ACTIVITY>
Below are some records. Return exactly the lines from the one with "Panini Stickers Harry" to the one with "2UPJ-9230259037]BMW 523i ツーリング(XL20)(F11)タイヤ　ホイール　1本②", and nothing else.

INFORMATION PROVIDED>
= Beginning of Section =

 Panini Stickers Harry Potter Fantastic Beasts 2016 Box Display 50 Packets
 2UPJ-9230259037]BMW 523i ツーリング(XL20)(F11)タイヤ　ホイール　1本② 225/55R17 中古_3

= End of Section =
= Beginning of Section =

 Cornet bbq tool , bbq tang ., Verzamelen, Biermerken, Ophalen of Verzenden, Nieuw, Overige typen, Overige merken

= End of Section =

RESULT>
 Panini Stickers Harry Potter Fantastic Beasts 2016 Box Display 50 Packets
 2UPJ-9230259037]BMW 523i ツーリング(XL20)(F11)タイヤ　ホイール　1本② 225/55R17 中古_3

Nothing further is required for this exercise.